For the entries below, copy exactly the line that contains "SANTIAGO DEL CILE" through the line that contains "Universal Thread Black", both ends included, and exclude all pictures.

▸ DATA IN THIS EXERCISE:
┌────────

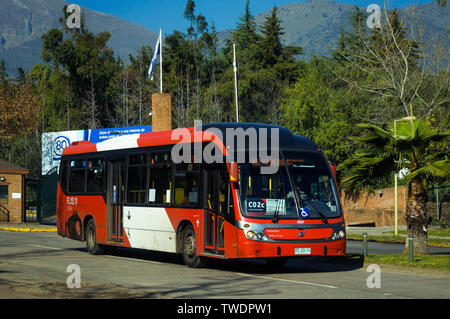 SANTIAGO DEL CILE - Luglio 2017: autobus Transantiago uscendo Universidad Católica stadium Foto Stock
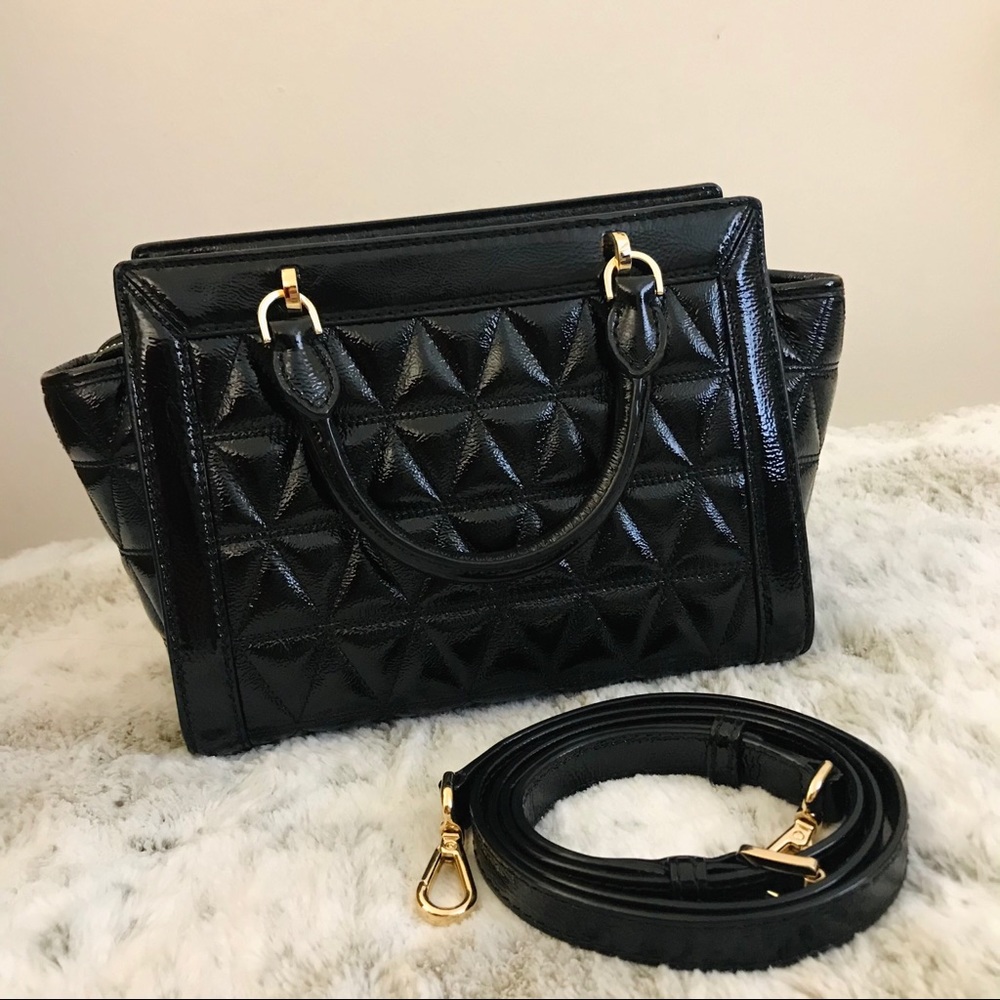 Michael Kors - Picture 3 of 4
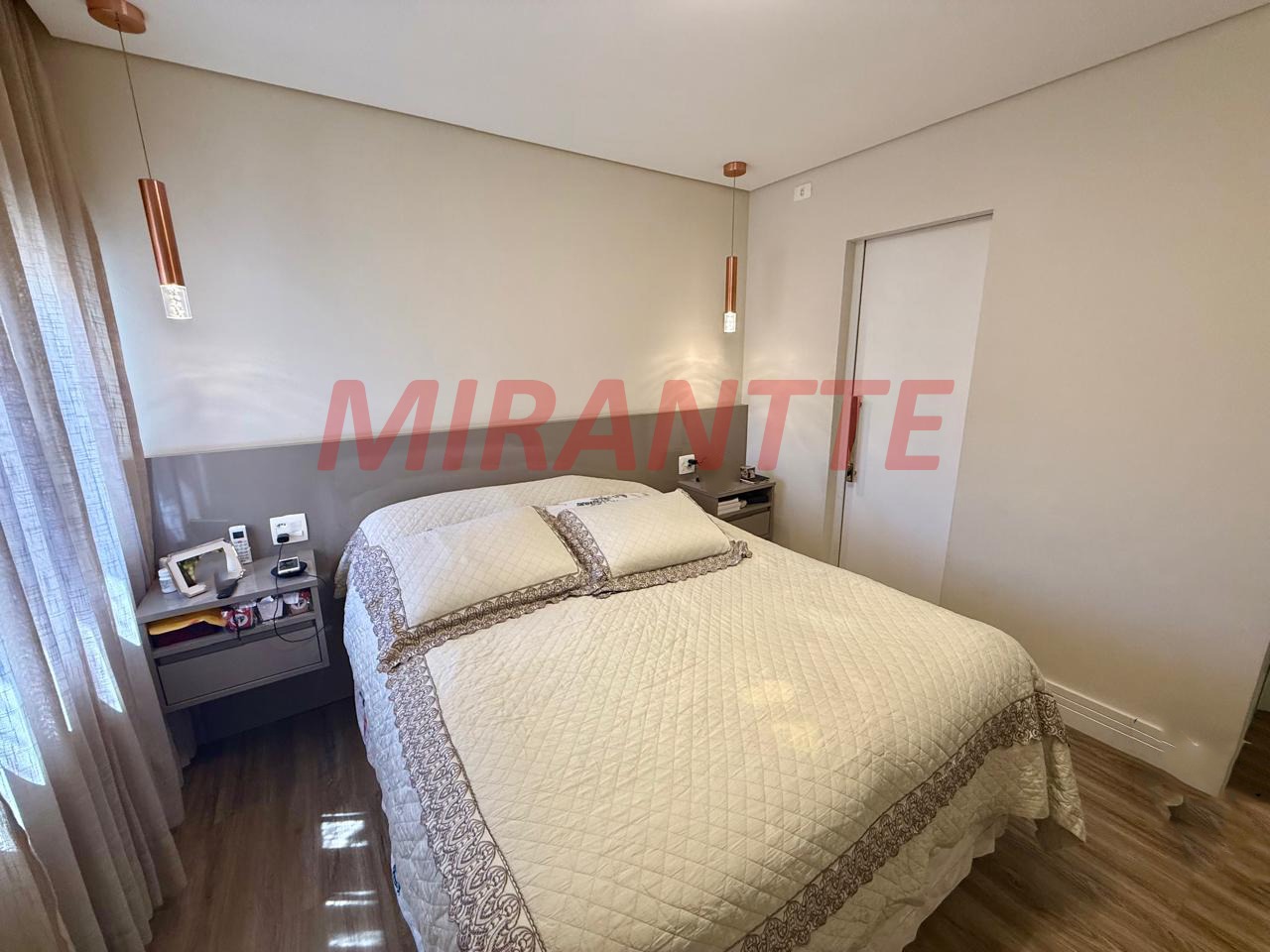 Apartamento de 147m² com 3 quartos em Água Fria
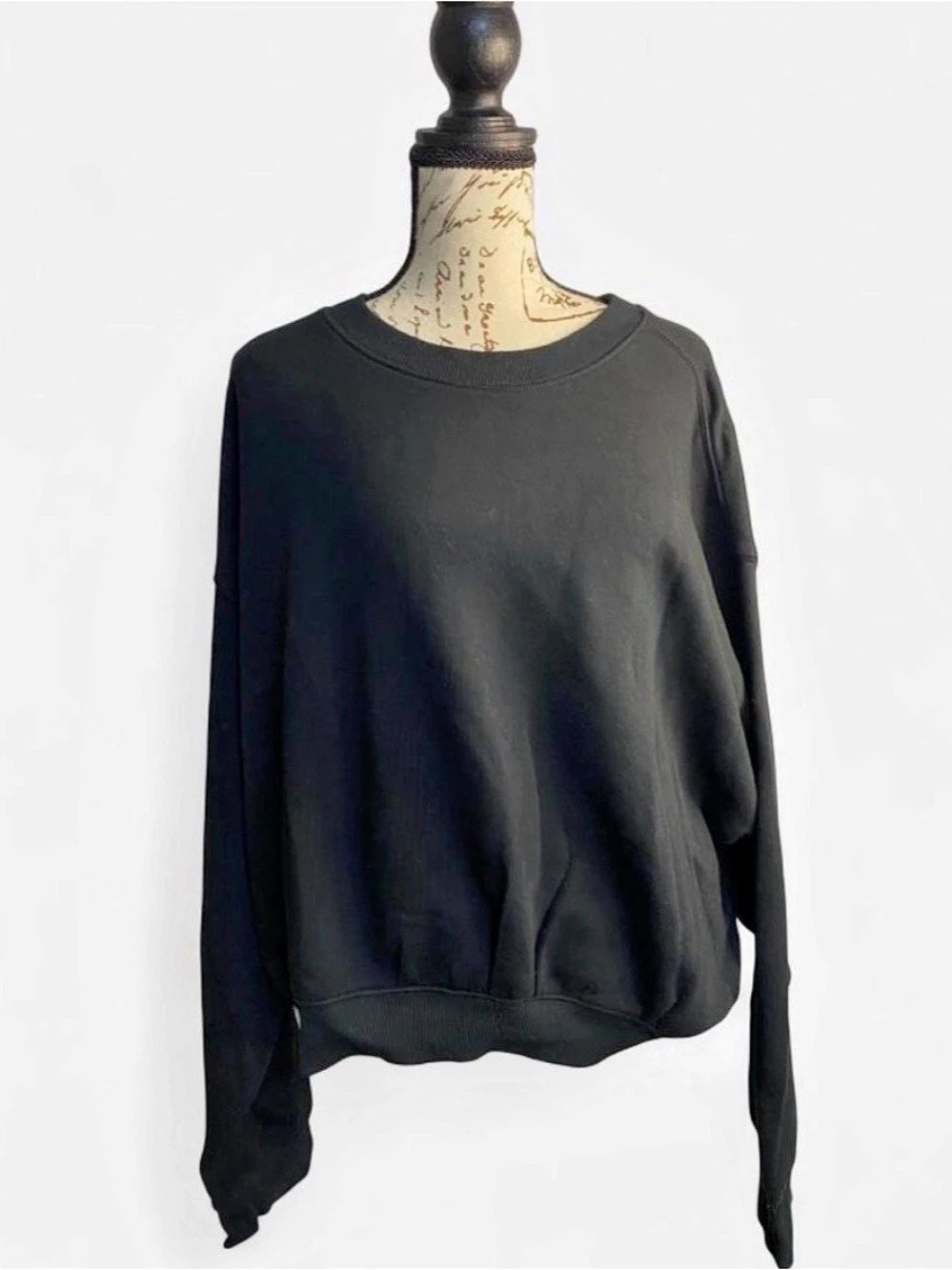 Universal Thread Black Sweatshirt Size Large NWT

└────────
┌────────

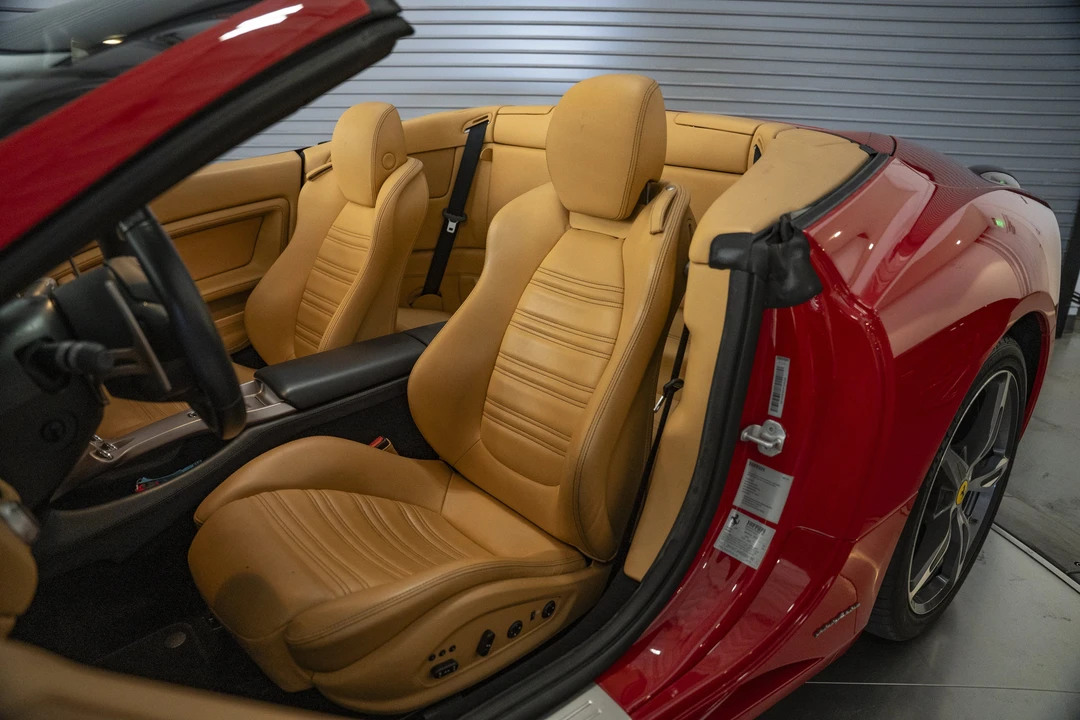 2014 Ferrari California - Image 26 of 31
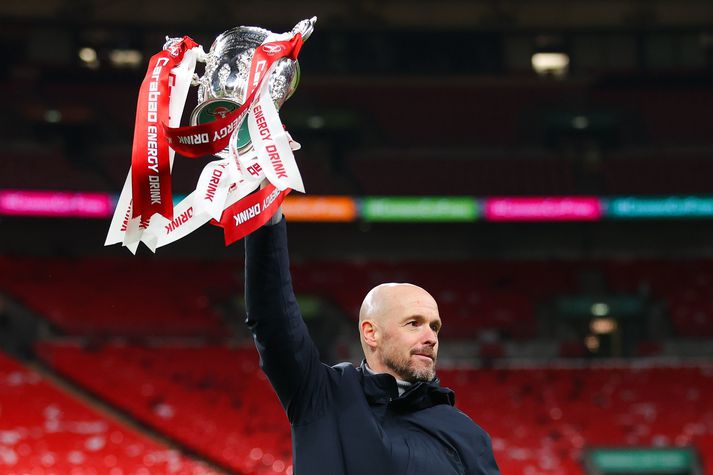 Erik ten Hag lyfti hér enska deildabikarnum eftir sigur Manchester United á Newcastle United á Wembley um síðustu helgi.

└────────

▸ RESULT FOR THIS EXERCISE:
 SANTIAGO DEL CILE - Luglio 2017: autobus Transantiago uscendo Universidad Católica stadium Foto Stock
 Michael Kors - Picture 3 of 4
 Apartamento de 147m² com 3 quartos em Água Fria
 Universal Thread Black Sweatshirt Size Large NWT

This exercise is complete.